1 March - Royal Greenwich comes a c(r)opper
Around a year ago the author of the Murky Depths news website asked me if I knew
anything about Abbey Wood’s telephone exchange (BT with scant regard for
geography refers to it as Thamesmead) being closed down and sold off
for housing development because that was what Greenwich Council appeared to be
saying in its plans for the future.
The story was given some credence because photos of equipment being removed
circulated at the same time. (See below.)
My telephone exchange days were mainly analogue and don’t relate to present day circumstances. I was slightly
involved in the experimental ‘electronic’ conversion of ROYal exchange circa 1966 and all I can
tell you about that is that it didn’t work well under peak hour load.
However with the proviso that my telephony skills are more than a little rusty I
told Mr. Murky that I saw no way of closing an established telephone exchange because
the copper cables (Abbey Wood serves more than 23,000 customers) are extremely bulky and
have to be terminated on a block of connectors (see main photo) which may be a 100 feet or more
long. Possibly several of them. The cables are stuck in the ground and a fixture.
Google found not a single example of a bog standard telephone exchange being closed
in London. Switching Centres have gone but that is easy to arrange. Lay in trunk cables
to a new site and cut off the old ones at leisure. No customers disturbed.
In a further sign of a wasted life I noted that the switching centre I played a very small
part in designing, Keybridge House in Vauxhall, was long since gone.
From the casual observations of a connected customer,
Abbey Wood exchange appeared to be carrying on as usual just as I would expect.
Last week ‘From The Murky Depths’ returned to
Greenwich Council’s plans and was even less impressed than he was last time.
Greenwich Council is quoted saying “The building is surplus to requirements as a
telephone exchange. The site is currently in use in association with Crossrail
works; this use is expected to cease by the end of 2019.”
Nonsense followed by an irrelevance. Crossrail had dumped some oddments of building materials on a small section of the exchange car park
and has not been back to clear up their mess.
In the meantime I tried to discover a little more about what was going on
inside Abbey Wood’s telephone exchange. The following is based on an ‘interview’
with just one telephone engineer who works there.
He confirmed my 30 year old thoughts on telephone exchanges and the cabling in
particular. It is totally impractical to move an exchange because the cables coming in from
the streets cannot be moved and the terminations are bulky.
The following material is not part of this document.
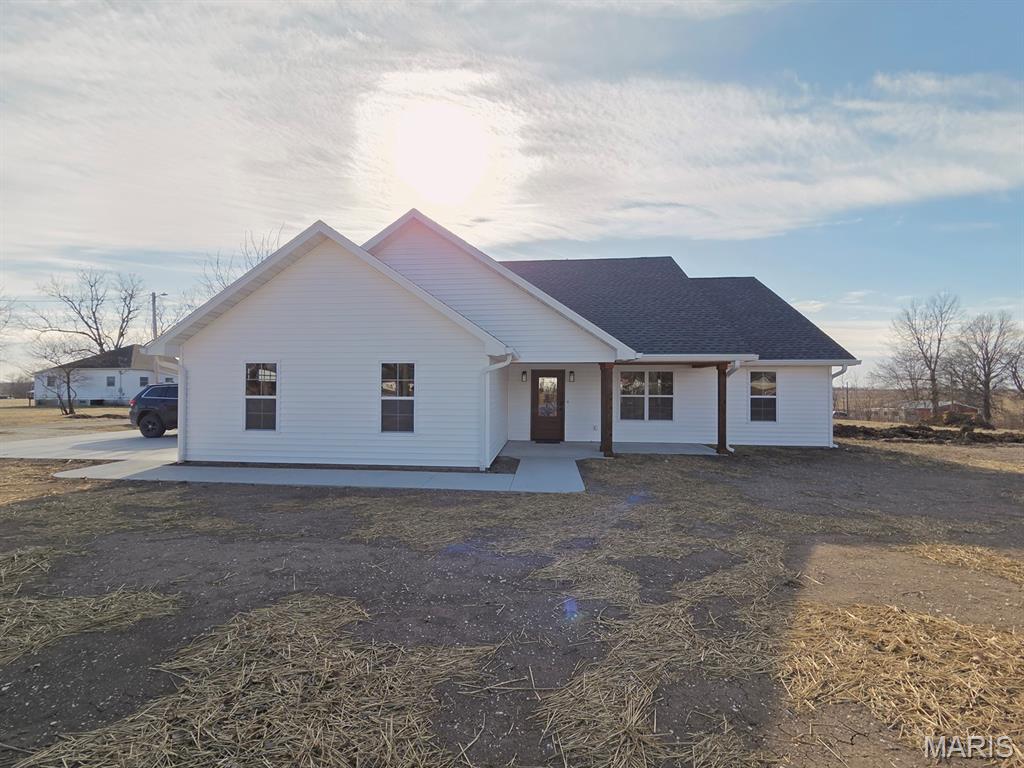 You’ll find small town charm with big style in this beautiful, new-construction home situated on 2 lots near the edge of town. This 3-bed, 2-bath home with an open concept main living and dining space awaits as you step inside the front entry.  You'll appreciate the ample storage throughout, with a separate laundry room conveniently located by the double-car garage and primary suite, and several linen/pantry closets.  The large primary bath and bedroom with walk-in closet will be your well-deserved sanctuary.  Through the kitchen and dining space French Doors lead onto the concrete patio overlooking the back yard.  The open floor plan makes this a perfect home for entertaining or keeping an eye on the kids. 

Other amenities include marble-top vanities in both bathrooms, custom fixtures, luxury vinyl plank flooring throughout the home, dimmer switches and remotes for all lighting and fans - indoor and out. The main living area has recessed lighting in the ceiling, as well as undermount cabinet lighting in the kitchen. All new appliances that will convey include washer, dryer, stove, refrigerator, microwave and dishwasher.  

You'll love the edge-of-town location, and this home is conveniently located near local amenities and on city utilities.  

*Agent Owned*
A move is only
possible when an exchange area is fully fibred and the copper becomes redundant.
Abbey Wood and the surrounding area is a long way short of that.
Erith, my interviewee said, is pretty much done and the likelihood is that customers will be
given five years to switch to fibre before the copper is cut. The incoming fibre can be terminated underground and routed to wherever BT decides the
digital hub exchange will be. The old exchange building above will become redundant.
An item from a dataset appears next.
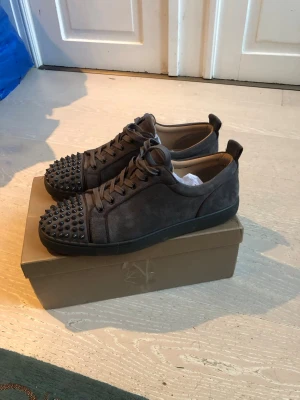 Grå mockasneakers med nitar från Louboutin - Säljer ett par grå sneakers från Christian Louboutin i mocka med svarta nitar på tån och klassisk röd sula. Skorna har snörning och en rund tå, vilket ger en edgy och lyxig vibe. Perfekta för dig som vill sticka ut med exklusiva detaljer.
This suggests that even if Abbey Wood was fully fibred now it would have to
exist for at least another five years but it is not even next on the local conversion list.
That honour will probably go to Bexleyheath and Woolwich.
Could the Abbey Wood exchange be sold off for housing I asked. My interviewee
was not party to the details but he suggested two snags to such a plan. One was
that all BT’s exchanges were sold off to bankers when it needed the money to get
into the mobile telephony game which it stupidly exited in 2003. Secondly it
could not be discounted that the site might be chosen to be a digital hub
through which all the local exchanges - not that they will exist any more - will
be routed. In which case Abbey Wood will live for ever and Greenwich Council’s
plans will be well and truly scuppered. Don’t they check anything or are they
simply more Bonkers than Bexley?
Please note that the foregoing is not an official BT news item. It is the
expectation of one employee but it has the ring of common sense and logic about it.